Starch, a readily available, known biodegradable material, has been used to prepare foamed and film products as well as other shaped products for different purposes including selected packaging applications. In Patent Cooperation Treaty (PCT) Publication No. WO 83/02955, a foamed starch product is formed by extruding starch in the presence of a gas expanding agent, the product being useful in various applications such as foam sheets or fillers for packing.
The use of starch materials to form film products is well known, as shown e.g., in British Patent No. 965,349 which discloses the extrusion of amylose material without using solvents, to form films having excellent tensile strength. Another film forming operation using starch is shown in U.S. Pat. No. 3,116,351 where an unsupported amylose film is made by extruding an aqueous alkali-amylose solution into a coagulation mixture of ammonium sulfate and sodium sulfate.
U.S. Pat. No. 4,156,759 discloses a process for preparing low cost polyurethane foam by incorporating a starch containing amylaceous material into the foamed material yielding rigid or flexible and high resilient products.
U.S. Pat. No. 3,137,592 shows the extrusion of starch to produce an expanded gelatinized product in different shapes and forms, such as ribbon, ropes and tubes, which are useful in a variety of applications.
U.S. Pat. No. 3,336,429 involves a method for producing clear, thin, elongated shaped structures of amylose in forms such as film, tubes, bands and filament, by etruding an aqueous caustic solution of high amylose material through an aqueous acid bath.
U.S. Pat. No. 3,891,624 discloses the preparation of a dispersible, hydrophobic porous starch product by extrusion of a selected hydrophobic starch material at a temperature of 100.degree. to 250.degree. C. and a moisture content of 4 to 15 percent.
The use of starch in foods and confectionery products is well known. One area where starch use has been of particular interest involves expanded products such as snack foods and dry pet foods. The quality of such products, as evidenced by their crispiness, is affected by expansion volume which was studied and reviewed in two recent articles by R. Chinnaswamy and M. A. Hanna: "Relationship Between Amylose Content and Extrusion-Expansion Properties of Corn Starch", Cereal Chemistry, Vol. 65, No. 2, 1988, pp. 138 to 143 and "Optimum Extrusion-Cooking Conditions for Maximum Expansion of Corn Starch", Journal of Food Science, Vol. 53, No. 3, 1988, pp. 834 to 840.
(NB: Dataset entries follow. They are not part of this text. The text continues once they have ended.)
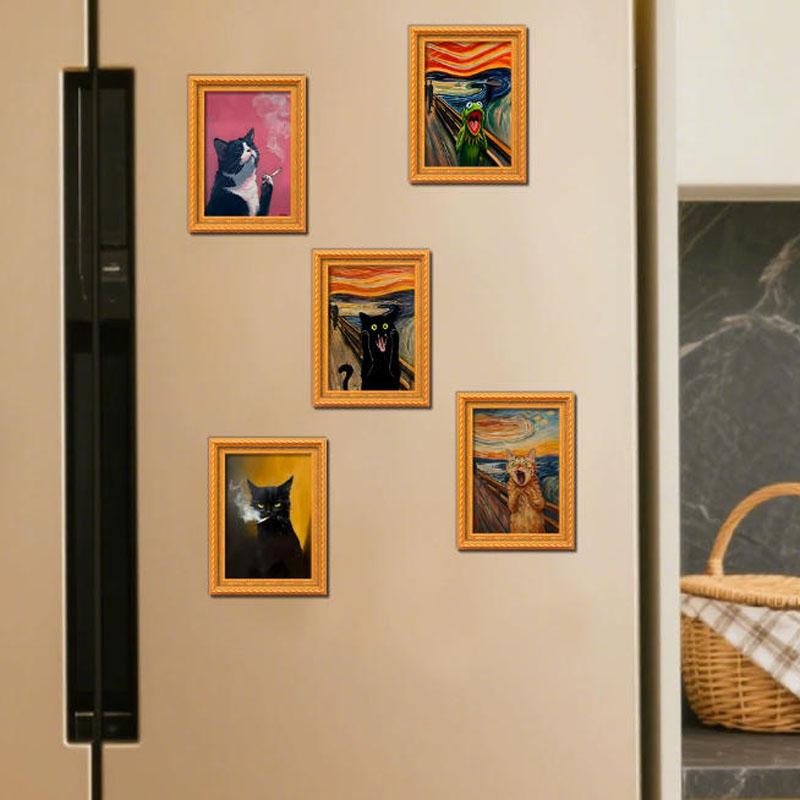 Cute Cat Refrigerator Magnets, Funny Wooden Rebellious Cat Smoking Fridge Magnet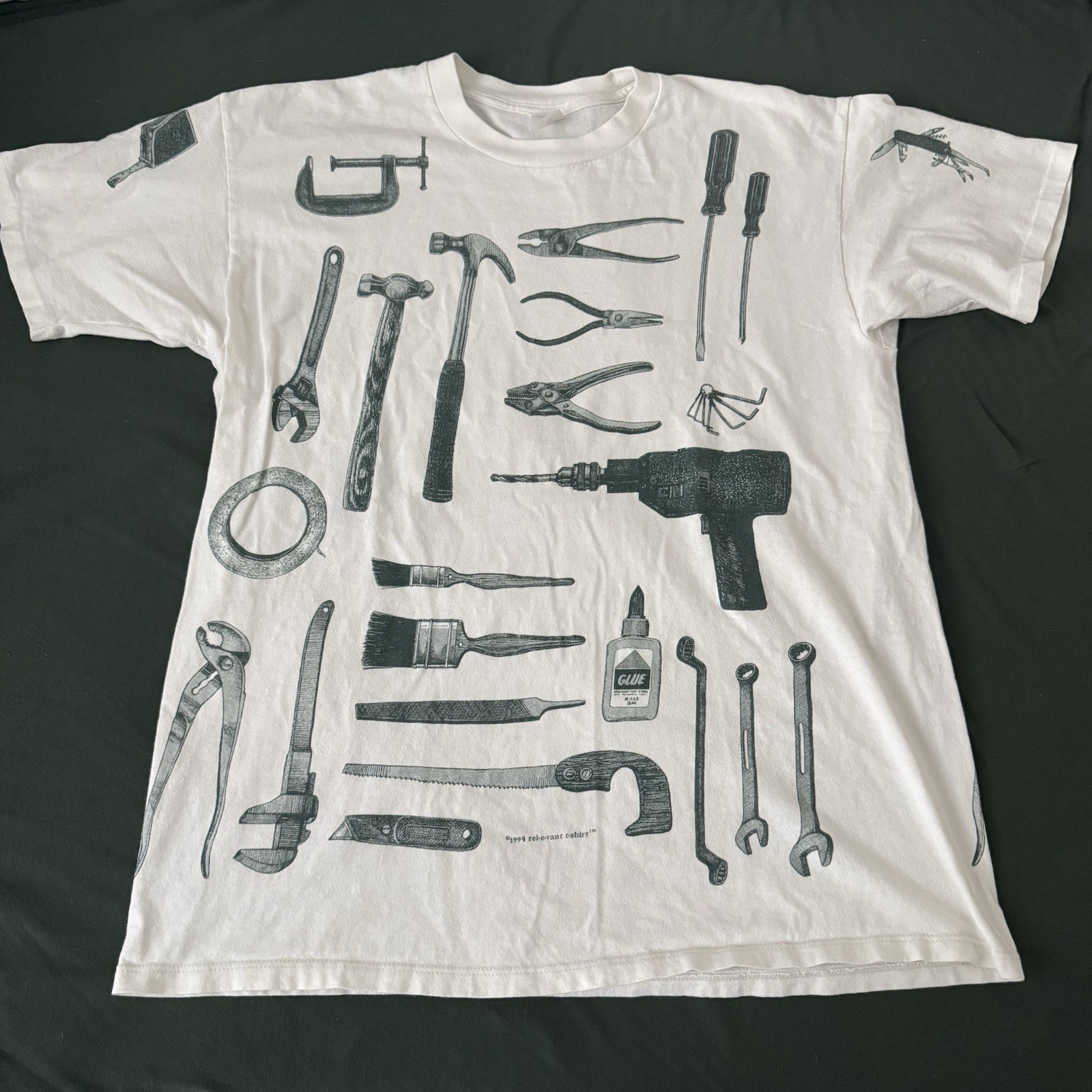 Vintage 1995 Relevant Products All Over Print T Shirt Power Tools Mens XL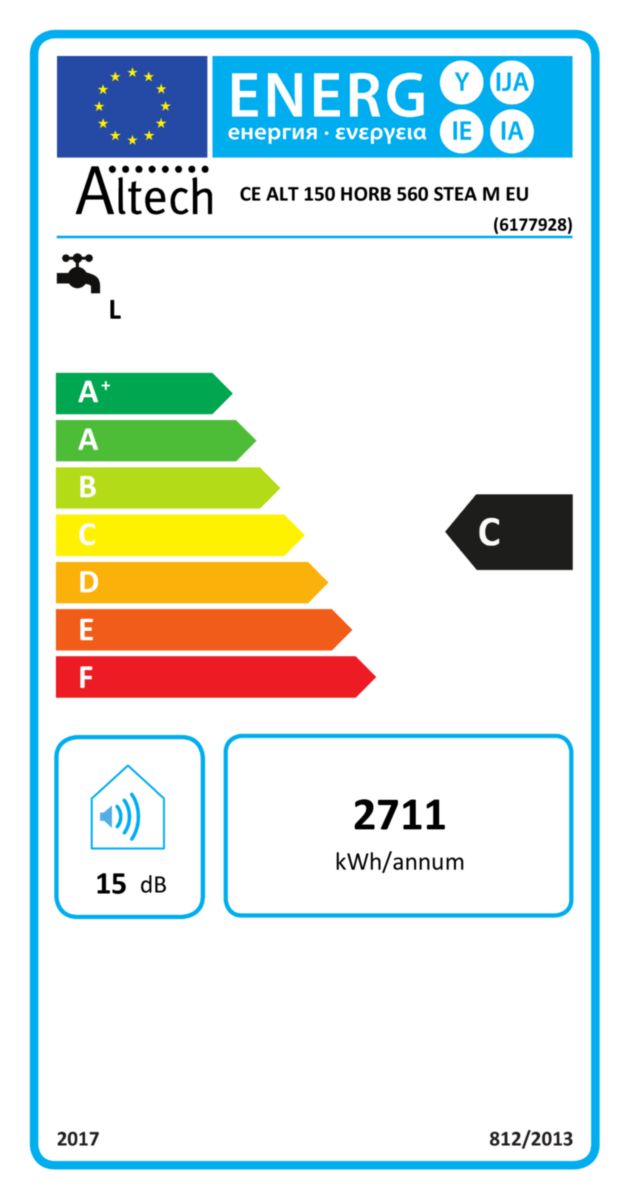 Chauffe-eau électrique stéatite ALTECH 150 litres sortie basse horizontal monophasé diamètre 560 mm, Classe énergétique C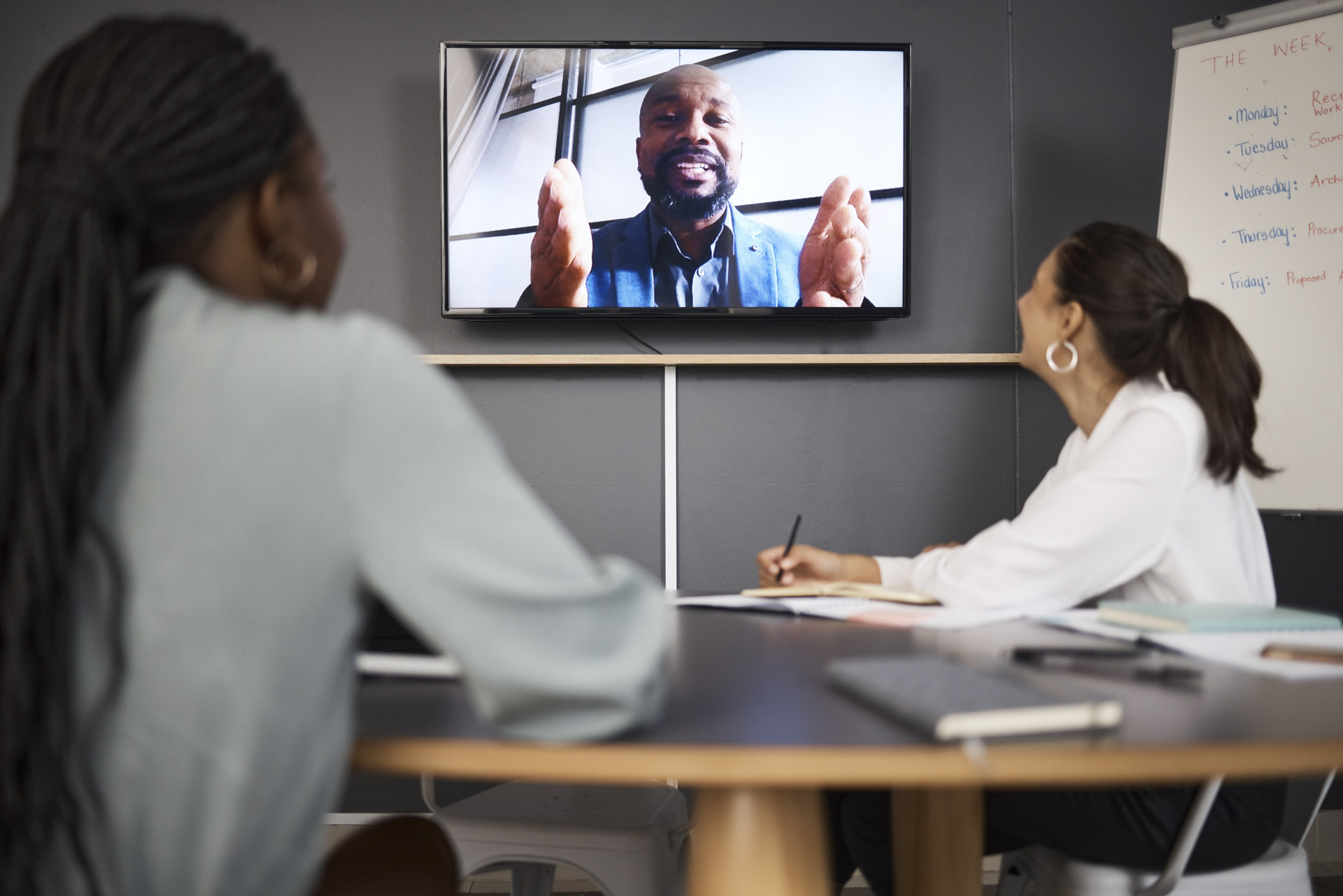 business people video conference teamwork with planning online meeting communication group employees leader with feedback screen brainstorming project virtual chatting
The use of starch in the manufacture of confectionery products is disclosed in U.S. Pat. No. 3,265,509 where a mixture of high amylose starch and sugar is passed through an extruder in the presence of less than 25% moisture, to form a solid, plastic, shape-retaining confectionery mass.
U.S. Pat. No. 3,962,155 discloses a molded foam product of different forms obtained by blending pullulan, a polysaccharide produced by Pullularis pullulans, or modified pullulan with a gas yielding foaming agent.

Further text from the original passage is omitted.